The treatment consists of 13 semi-monthly group sessions over approximately 6.5 months. Groups are targeted at 11 members and are geographically clustered to minimize travel. Sessions last roughly two hours and include informal group discussion, informational sessions on household management and childrearing, and mother-child interactive play. Mothers attend with their children, as part of the program's goal of modeling interactive, play-based parenting.
The study uses an oversubscription design. All recruited mothers complete a baseline survey before learning their assignment, which serves both to collect pre-treatment data and to function as a costly signal of interest, encouraging less motivated recruits to drop out before randomization. This protects internal validity by concentrating attrition in the pre-randomization phase. Post-randomization, participants who drop out are not replaced, with one exception: if a group falls below eight active members within the first four sessions, additional mothers are added to preserve the social dynamics essential to the intervention. These replacements are excluded from the analysis. Randomization is conducted at the individual level within geographic clusters, using block randomization on mother's age, child's age, and recency of displacement.
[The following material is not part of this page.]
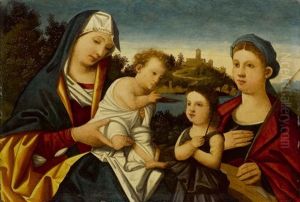 Madonna Mit Kind, Johannes Und Katharina Von Alexandrien by Lorenzo Lotto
The study examines treatment effects along three causal pathways. First, a direct pathway through expanded social networks, hypothesized to improve information-sharing about livelihood opportunities and job referrals. Second, an indirect pathway through childcare access -- as network size and trust grow, mothers gain access to reliable informal childcare, enabling labor force participation. Third, an indirect pathway through mental health -- social support is expected to reduce stress and depression, improving participants' capacity to pursue employment. The study measures both intermediate outcomes (network size and strength, childcare access, mental health) and final outcomes (employment, self-employment, and hours worked).
Data will be collected through baseline and endline surveys supplemented by higher-frequency surveys conducted during group sessions, capturing granular labor market data such as weekly hours worked. The pilot sample includes 176 treatment and 176 control participants. The primary estimands are the intent-to-treat effect and the complier average causal effect, estimated using difference-in-differences models. A detailed pre-analysis plan will be developed following the baseline survey.